Before, children played, they learned to resolve conflicts on their own without the constant mediation of adults. They also had dinner at home all together and it was a moment of sharing. Now, each one catches what they find in the fridge, they live in their digital cave.

To solve the problems, you have to go to the first causes. For example, it is urgent to promote conciliation policies, so that families regain their leading role in the education of their children, otherwise the children will arrive at school with more and more deficiencies that hinder learning.

Now, young people have things even before they want them, how do you teach them to manage frustration when their wishes are not fulfilled?

Letting normal situations occur. If we overprotect them, taking the sandwich they forgot at home to school, we are not letting that natural process occur.

Social networks are used to immediacy. They hinder that process and exacerbate frustration, because they provide an artificial context, devoid of physical and physiological limitations.

The digital divide is between families that limit the use of technologies and those that do not

The frustration threshold is getting lower and lower, as we are not used to having serene dialogues with people who think differently. Networks are, in immature minds, an incubator for fanatics.

The use of technology has been essential to follow classes from home during the pandemic. How do you rate the way in which it has been worked?

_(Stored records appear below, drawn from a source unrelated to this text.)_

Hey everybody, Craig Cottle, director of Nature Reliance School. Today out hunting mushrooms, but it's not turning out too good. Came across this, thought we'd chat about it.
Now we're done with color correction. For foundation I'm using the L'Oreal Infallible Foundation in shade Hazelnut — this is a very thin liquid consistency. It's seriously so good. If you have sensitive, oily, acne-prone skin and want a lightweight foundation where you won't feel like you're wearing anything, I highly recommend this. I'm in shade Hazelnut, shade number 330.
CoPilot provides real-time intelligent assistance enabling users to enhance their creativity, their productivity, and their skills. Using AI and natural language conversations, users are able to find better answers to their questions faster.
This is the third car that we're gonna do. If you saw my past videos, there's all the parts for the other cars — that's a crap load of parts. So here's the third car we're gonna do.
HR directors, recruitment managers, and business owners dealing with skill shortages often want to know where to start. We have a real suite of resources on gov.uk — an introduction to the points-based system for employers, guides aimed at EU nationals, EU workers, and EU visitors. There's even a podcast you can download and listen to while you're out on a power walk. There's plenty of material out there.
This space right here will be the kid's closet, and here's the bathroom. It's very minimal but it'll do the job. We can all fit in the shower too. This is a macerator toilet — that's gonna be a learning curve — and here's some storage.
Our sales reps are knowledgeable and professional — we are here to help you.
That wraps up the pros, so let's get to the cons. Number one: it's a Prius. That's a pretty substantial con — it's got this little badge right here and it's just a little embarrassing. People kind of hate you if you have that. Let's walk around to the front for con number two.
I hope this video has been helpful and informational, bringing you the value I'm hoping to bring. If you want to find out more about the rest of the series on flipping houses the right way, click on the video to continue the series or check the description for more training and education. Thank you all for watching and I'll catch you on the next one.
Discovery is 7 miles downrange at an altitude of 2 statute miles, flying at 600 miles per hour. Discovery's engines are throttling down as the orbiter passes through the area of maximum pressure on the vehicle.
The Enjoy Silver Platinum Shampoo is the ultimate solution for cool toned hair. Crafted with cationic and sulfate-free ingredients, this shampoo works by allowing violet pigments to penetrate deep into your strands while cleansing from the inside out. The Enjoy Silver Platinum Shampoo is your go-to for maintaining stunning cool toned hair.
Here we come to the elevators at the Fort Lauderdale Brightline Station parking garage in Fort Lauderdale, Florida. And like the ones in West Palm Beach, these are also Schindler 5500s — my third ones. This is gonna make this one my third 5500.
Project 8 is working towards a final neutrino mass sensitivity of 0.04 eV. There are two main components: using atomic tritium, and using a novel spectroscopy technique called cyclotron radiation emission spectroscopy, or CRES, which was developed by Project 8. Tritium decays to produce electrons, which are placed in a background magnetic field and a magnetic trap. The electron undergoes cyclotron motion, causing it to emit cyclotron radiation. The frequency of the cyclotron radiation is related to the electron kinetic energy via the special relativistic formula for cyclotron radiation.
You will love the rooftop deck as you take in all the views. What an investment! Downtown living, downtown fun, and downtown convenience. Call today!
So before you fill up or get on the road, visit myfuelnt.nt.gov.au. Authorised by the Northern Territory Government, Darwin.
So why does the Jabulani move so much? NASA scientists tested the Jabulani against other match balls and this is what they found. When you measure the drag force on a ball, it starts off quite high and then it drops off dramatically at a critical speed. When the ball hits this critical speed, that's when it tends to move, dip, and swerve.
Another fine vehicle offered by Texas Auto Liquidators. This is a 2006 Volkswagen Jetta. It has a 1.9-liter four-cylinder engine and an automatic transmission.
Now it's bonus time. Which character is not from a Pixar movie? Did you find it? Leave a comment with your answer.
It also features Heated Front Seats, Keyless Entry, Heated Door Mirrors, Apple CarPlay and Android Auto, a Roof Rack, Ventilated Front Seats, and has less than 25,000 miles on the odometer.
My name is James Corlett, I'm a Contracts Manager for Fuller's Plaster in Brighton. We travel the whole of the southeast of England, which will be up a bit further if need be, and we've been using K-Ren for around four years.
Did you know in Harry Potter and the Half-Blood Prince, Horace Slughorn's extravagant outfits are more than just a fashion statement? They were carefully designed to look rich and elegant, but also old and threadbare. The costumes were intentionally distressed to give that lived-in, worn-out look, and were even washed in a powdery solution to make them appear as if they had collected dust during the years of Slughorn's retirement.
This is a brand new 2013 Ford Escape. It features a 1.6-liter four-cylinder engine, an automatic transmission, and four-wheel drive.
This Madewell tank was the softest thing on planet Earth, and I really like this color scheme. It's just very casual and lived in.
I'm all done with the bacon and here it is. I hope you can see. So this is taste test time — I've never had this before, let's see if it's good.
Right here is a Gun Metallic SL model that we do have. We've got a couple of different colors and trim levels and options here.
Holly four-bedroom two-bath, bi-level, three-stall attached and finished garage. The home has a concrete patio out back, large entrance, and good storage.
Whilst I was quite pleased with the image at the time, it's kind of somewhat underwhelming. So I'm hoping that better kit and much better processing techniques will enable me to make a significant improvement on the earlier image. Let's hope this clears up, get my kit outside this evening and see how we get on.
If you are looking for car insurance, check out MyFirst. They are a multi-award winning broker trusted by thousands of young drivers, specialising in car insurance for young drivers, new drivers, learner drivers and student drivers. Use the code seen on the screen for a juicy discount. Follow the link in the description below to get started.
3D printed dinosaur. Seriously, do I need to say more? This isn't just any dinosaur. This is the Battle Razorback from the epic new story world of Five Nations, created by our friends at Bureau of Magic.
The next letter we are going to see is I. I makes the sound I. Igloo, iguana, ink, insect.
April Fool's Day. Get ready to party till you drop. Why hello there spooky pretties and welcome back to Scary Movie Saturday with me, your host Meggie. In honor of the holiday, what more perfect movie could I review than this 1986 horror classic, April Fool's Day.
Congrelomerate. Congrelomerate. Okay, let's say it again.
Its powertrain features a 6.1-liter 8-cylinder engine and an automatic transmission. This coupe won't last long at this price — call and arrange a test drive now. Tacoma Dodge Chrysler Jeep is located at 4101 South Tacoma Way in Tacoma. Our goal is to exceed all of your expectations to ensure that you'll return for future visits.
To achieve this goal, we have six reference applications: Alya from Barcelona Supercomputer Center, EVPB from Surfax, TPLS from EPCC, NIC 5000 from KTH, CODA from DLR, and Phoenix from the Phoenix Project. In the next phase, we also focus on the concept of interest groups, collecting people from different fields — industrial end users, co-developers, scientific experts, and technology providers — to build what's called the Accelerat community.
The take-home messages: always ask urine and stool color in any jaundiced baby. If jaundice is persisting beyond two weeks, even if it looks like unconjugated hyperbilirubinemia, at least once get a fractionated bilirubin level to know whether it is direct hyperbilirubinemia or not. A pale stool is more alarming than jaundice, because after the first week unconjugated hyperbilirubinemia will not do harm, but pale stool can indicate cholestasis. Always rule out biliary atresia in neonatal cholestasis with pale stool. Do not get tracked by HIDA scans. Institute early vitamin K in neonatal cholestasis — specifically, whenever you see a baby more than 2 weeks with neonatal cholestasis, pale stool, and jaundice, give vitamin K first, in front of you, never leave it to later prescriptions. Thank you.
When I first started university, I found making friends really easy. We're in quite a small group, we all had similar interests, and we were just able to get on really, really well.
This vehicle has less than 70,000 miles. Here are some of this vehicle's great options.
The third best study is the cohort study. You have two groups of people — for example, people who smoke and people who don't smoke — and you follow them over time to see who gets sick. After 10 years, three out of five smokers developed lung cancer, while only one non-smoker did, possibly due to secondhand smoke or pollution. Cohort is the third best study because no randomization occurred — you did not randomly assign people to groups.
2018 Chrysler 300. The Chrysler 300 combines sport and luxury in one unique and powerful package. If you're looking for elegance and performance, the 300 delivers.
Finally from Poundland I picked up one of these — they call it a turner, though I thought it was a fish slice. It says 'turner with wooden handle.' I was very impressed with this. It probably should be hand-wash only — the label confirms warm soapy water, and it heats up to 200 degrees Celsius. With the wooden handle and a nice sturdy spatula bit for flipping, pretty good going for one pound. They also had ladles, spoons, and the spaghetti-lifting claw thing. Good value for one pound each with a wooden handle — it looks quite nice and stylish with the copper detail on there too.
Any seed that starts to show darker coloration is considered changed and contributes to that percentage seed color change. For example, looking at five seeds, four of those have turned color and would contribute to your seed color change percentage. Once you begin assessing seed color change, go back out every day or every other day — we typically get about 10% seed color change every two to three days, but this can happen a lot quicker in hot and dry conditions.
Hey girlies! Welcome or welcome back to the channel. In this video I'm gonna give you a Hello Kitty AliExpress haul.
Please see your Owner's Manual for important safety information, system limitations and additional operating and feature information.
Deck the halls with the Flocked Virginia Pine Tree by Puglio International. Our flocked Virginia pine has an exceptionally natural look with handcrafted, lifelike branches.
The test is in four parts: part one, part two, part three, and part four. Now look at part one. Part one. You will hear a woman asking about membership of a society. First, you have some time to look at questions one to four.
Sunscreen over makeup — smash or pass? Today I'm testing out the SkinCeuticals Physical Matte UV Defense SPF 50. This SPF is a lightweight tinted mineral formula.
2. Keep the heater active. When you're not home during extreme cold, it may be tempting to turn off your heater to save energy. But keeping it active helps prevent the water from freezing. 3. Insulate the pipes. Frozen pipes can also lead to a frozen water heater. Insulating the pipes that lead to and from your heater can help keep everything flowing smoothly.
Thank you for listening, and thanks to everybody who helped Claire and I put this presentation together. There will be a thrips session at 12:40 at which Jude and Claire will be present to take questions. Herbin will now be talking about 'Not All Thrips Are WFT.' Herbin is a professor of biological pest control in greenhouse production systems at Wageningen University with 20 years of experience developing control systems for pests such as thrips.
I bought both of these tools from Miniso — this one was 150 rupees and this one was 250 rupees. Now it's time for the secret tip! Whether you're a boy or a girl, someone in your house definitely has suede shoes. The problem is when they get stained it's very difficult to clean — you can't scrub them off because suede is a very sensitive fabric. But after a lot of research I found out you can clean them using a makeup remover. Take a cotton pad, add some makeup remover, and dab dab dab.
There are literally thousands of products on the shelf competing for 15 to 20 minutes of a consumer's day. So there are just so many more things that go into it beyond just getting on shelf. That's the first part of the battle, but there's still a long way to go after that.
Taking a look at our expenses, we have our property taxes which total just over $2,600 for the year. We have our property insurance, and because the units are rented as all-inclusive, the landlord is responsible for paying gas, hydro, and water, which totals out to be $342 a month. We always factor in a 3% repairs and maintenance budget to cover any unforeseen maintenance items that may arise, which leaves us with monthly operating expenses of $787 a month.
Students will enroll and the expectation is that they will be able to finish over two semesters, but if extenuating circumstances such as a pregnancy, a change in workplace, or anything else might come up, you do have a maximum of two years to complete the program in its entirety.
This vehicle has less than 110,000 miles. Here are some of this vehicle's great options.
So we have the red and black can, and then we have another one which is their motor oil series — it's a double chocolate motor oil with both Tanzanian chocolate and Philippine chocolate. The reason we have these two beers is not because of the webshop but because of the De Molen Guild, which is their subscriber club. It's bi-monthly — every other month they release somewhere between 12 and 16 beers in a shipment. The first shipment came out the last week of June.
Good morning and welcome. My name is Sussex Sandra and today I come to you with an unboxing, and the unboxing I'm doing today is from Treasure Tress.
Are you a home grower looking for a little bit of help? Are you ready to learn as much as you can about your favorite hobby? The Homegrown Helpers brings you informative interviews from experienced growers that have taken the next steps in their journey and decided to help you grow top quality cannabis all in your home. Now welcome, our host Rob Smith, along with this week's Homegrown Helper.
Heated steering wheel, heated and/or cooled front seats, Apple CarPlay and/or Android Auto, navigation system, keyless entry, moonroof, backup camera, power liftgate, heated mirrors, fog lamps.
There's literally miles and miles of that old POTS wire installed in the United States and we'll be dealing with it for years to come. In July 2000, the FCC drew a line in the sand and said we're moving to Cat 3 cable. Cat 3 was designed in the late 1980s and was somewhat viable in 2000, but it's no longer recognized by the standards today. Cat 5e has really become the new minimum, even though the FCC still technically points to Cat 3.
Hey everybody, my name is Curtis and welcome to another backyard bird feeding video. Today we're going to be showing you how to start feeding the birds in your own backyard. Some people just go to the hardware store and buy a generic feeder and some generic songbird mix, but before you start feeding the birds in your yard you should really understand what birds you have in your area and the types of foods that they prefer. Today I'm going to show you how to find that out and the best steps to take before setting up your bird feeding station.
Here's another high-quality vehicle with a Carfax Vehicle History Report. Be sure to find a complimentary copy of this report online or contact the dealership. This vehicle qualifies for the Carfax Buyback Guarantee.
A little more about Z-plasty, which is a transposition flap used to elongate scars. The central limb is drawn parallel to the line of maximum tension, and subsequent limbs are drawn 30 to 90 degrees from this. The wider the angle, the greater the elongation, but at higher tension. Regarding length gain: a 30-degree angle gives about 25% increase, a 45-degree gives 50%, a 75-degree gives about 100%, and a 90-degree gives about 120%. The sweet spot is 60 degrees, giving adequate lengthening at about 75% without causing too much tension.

When we learned that this was going to last, it was the only idea that occurred to us. A fast and efficient way had to be found to communicate with the students. Now, I think there have been more or less successful ways to do it.

One way to mitigate the damage was to limit the use of the screen for live classes in interactive mode, marking a time limit per day. During that time, explanations are given to the students and the rest are left to do written assignments and read books.

Now that all of this is behind us, if there is one thing that has become very clear, it is that students need human contact. It is a luxury that we cannot do without in education.

I defend educational freedom, but segregating according to socioeconomic level is elitist and exclusive

And how to prevent the digitization of education from leaving the most vulnerable behind?

The argument of the digital divide during the pandemic, in an exceptional context of non-face-to-face education, makes sense because if a student cannot connect to class, there is a real risk that they will be disconnected from the education system. But in a face-to-face education context it is not supported by evidence.

Why?

Governments are committed to the massive digitization of classrooms, assuming that giving access to a device and to the Internet contributes to closing the socioeconomic gap. For a few years, the available data deny the hypothesis of the digital divide.

Common Sense published a study conducted in 2020 among children aged 0-8 years, showing that as the digital divide closes since 2011, there is a constantly increasing abusive consumption of technology in socioeconomically disadvantaged households.

Therefore, access to technology would not reduce, but on the contrary, it would increase the socioeconomic gap. The real gap exists between families who are aware of the need to limit the time of use of new technologies and are able to do so, and those who are not.